I don’t know about you… but I go hiking to get away from people, society, and the hubbub of the big city. The time I spend driving to far flung corners of Virginia, the hours slogging on, and sometimes off, trail are all in search of one precious and increasingly scant commodity… solitude. Don’t get me wrong, I love people… but my inner introvert needs time away, time to recharge.
But, what do you do when you amble up the trail and bump into a another hiker (if you said reach for your bear spray… this post is for you)? Well, like many other groups, hikers have some unwritten rules to help govern their interaction. For example, at poker night… you can take the last slice of pizza and you can take the last beer, but by-god you better not take both.
Hikers are no different. Following a few unwritten (well, ok… now they are written) rules can help make your hike and the hike for others more pleasant. Below are a few observed practices:
• Hike quietly. Speak in low voices and, if you didn’t already leave it in the car or pitch it off a mountain top, turn your cell phone down or off. Enjoy the sounds of nature and let others do the same. The same thing goes for personal music devices, If I can hear it on the outside of your headphones… its probably too loud.

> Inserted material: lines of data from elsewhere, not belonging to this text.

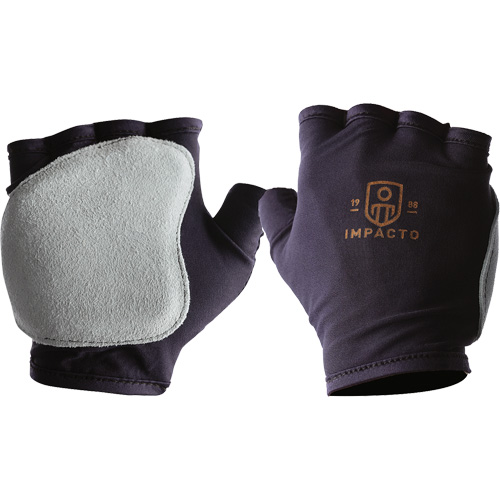 Gants antichocs sans doigts, main droite, T-petit, Paume en Cuir refendu, Poignet &agrave; enfiler Brunswick Fyr & Safety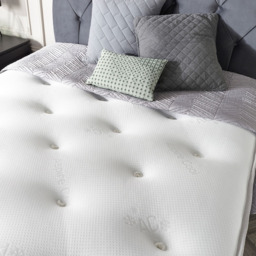 Aspire Single Cool Tufted Orthopaedic Mattress - White - Aspire Beds - Wilko - thumbnail 4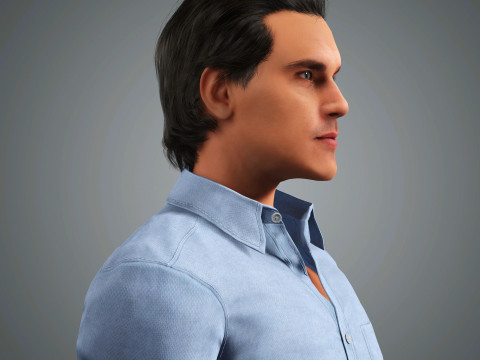 Finn Wittrock Character 3D 모델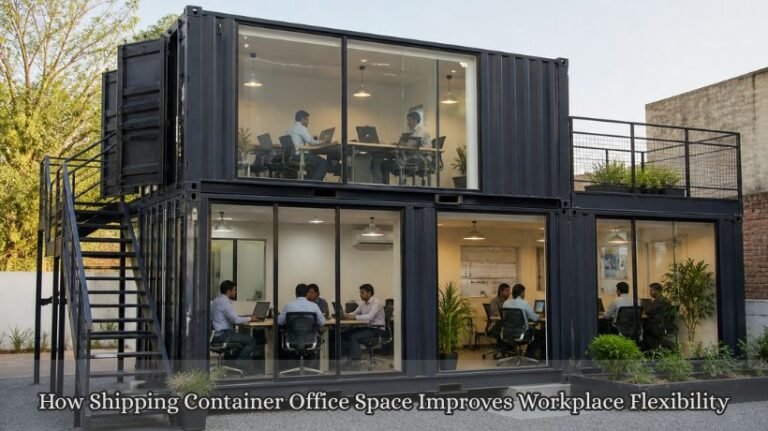 How Shipping Container Office Space Improves Workplace Flexibility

• Don’t obstruct the trail. When you take a break, move off the trail a ways to allow others to pass by unobstructed.
• Don’t toss your trash – not even biodegradable items such as banana peels. It is not good for animals to eat non-native foods and who wants to look at your old banana peel while it ever-so-slowly decomposes? If you packed it in, pack it back out.
• Hikers going downhill yield to those hiking uphill.
• When bringing a pet on a hike, be sure to keep it on a leash and under control. Don’t forget to pack out pet waste as well.
• Don’t feed the wildlife. While many animals stay hidden, others are not so shy. Giving these creatures food only disrupts their natural foraging habits.
• Leave what you find. The only souvenirs a hiker should come home with are photographs and happy memories. (And maybe an improved fitness level!)
• When relieving yourself outdoors, be sure to do so 200 feet away from the trail and any water sources. Follow Leave No Trace principles.
• Walk through the mud or puddle and not around it, unless you can do so without going off the trail. Widening a trail by going around puddles, etc. is bad for trail sustainability. Just because it looks easy to cut the corner off of a switchback doesn’t mean it is a good idea. Help preserve the trail by staying on the trail.
• If hiking in a group, don’t take up the whole width of the trail; allow others to pass.